Updated On: 06 February, 2022 08:54 AM IST | Mumbai | Jane Borges
A theatre and film actress’ phenomenal work in helping single-handedly build schools in Maharashtra’s Aurangabad tehsil is a story of perseverance rare in the glamour world

Rajshri Deshpande with students at the recently constructed Zilla Parishad Primary School in Pandhari
In 2018, when Sacred Games made its startling debut on Netflix, actress Rajshri Deshpande, who was cast as Subhadra, wife of the antagonist Ganesh Gaitonde (Nawazuddin Siddiqui), was working overtime in Pandhari village in the Aurangabad tehsil. She remembers having to skip being part of the crime web-series’ media promotions, and even holding back on several new film offers that followed its success, because she had made a promise to the villagers. Deshpande, at the time, was in the midst of rebuilding the Zilla Parishad Primary School in Pandhari, home to around 75 children. The dilapidated building meant that the kids were studying in the open grounds or under a tree.

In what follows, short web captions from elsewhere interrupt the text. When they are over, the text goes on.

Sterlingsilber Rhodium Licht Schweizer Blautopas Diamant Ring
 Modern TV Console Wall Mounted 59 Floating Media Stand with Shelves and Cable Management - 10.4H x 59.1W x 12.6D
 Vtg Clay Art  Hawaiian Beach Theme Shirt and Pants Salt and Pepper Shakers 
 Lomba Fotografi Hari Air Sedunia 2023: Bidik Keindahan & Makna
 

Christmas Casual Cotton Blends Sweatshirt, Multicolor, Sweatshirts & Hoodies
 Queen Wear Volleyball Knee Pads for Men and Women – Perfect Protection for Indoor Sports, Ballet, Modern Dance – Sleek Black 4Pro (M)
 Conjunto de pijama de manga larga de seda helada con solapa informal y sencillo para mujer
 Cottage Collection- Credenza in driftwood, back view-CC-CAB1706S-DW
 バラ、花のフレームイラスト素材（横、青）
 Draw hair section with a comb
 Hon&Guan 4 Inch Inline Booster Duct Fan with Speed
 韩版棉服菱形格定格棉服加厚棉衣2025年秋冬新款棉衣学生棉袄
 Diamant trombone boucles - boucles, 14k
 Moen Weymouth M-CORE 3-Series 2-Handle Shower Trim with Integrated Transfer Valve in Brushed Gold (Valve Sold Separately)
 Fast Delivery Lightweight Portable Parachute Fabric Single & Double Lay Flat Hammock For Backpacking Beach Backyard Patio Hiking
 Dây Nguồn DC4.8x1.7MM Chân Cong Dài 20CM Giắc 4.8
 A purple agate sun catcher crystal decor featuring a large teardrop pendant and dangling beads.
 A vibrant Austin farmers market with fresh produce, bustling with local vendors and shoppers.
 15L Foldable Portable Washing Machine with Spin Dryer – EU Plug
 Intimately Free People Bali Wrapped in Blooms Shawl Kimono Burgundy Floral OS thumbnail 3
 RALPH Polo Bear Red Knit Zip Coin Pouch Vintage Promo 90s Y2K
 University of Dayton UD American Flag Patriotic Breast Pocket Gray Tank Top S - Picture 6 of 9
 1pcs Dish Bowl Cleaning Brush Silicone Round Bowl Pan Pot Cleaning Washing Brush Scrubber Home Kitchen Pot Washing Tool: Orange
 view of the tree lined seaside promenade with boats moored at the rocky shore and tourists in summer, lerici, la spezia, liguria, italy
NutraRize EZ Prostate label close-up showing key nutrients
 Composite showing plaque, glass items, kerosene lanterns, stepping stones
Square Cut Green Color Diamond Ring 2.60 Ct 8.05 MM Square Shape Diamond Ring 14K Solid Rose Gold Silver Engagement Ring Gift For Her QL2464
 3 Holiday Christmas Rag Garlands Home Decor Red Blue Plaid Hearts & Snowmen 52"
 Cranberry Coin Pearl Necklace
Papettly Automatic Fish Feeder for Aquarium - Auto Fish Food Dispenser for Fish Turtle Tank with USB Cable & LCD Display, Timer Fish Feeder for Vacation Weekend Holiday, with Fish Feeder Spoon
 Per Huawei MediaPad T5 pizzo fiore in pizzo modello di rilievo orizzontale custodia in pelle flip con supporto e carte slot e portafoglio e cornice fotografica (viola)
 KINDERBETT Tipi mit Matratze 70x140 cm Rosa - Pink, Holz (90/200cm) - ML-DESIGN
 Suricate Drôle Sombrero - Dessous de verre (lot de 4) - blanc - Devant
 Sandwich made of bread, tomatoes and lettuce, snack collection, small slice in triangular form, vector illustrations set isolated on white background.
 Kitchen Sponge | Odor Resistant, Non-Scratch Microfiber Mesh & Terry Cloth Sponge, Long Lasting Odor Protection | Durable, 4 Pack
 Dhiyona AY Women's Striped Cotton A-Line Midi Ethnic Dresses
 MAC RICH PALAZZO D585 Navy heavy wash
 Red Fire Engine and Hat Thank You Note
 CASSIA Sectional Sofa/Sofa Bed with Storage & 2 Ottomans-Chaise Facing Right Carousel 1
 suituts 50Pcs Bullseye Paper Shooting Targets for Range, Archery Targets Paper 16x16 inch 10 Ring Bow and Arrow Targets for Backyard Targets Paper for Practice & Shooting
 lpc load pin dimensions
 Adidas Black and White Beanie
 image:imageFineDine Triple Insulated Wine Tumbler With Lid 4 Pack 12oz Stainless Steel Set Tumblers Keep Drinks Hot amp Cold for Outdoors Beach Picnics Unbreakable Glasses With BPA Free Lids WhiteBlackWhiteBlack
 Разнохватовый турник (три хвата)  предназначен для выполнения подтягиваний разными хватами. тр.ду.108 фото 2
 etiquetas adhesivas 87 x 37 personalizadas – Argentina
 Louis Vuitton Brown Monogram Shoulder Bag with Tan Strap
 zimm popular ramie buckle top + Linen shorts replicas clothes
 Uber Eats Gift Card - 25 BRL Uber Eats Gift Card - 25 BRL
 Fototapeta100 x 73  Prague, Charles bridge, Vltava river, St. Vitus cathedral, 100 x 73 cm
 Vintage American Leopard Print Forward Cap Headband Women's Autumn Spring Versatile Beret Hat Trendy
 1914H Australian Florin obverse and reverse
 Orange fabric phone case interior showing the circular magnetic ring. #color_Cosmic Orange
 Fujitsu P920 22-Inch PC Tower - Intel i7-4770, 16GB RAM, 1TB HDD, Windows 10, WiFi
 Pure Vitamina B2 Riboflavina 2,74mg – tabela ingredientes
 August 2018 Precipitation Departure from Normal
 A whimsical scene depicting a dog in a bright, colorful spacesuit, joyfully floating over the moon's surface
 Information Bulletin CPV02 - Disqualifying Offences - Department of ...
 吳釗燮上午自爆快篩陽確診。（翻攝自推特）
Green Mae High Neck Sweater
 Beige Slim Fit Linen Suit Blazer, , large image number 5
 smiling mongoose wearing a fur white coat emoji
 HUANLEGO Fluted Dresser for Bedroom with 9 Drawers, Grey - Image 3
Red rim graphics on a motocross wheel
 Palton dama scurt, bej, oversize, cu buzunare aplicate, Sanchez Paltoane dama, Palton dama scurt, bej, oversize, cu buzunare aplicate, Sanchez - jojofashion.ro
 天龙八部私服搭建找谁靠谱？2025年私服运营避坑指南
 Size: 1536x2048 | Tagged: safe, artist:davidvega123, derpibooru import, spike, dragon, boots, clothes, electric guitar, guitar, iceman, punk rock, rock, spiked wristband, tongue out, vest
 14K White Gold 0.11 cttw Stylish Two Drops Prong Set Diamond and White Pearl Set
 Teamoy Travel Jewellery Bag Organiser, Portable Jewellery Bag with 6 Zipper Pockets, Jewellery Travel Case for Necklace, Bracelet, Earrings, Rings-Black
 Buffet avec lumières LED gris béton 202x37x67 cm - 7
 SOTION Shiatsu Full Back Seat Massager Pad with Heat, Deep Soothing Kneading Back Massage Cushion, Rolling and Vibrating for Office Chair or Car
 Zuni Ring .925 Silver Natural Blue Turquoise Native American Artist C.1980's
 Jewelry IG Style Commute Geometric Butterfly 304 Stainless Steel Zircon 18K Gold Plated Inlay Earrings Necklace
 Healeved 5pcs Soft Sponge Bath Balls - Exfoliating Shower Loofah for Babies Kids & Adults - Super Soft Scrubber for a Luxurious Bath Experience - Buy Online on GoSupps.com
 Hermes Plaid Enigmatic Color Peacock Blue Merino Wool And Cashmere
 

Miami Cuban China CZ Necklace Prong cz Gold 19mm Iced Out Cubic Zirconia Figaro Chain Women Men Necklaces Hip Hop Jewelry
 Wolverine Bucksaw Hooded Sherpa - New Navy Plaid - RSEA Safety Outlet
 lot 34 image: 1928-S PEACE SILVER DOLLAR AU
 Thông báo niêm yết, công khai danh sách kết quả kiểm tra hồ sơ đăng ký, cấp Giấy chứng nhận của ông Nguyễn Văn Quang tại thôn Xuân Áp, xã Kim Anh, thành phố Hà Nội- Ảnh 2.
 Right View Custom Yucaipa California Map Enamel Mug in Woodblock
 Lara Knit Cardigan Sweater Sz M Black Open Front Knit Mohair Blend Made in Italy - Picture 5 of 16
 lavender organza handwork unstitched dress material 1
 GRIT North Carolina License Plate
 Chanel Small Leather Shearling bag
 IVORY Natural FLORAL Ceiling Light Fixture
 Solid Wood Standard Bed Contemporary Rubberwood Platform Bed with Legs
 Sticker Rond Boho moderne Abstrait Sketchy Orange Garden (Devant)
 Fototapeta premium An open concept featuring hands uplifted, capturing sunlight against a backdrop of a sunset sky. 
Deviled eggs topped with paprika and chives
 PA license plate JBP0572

Having worked in the village through her NGO Nabhangan Foundation for nearly five years, the actor had felt an almost desperate need to provide a pucca structure to the children. “I had appealed to the local authorities, but they didn’t seem to have the budget for it,” she says. On an impulse, Deshpande remembers telling them that she would take up the cause. “I wasn’t an educator or architect. I didn’t even know what it takes to build a school,” she tells us. And yet, two years later, Deshpande had managed to raise Rs 60 lakh and gift a new school to the kids of Pandhari. Today, the Zilla Parishad school is home to nearly 125 kids.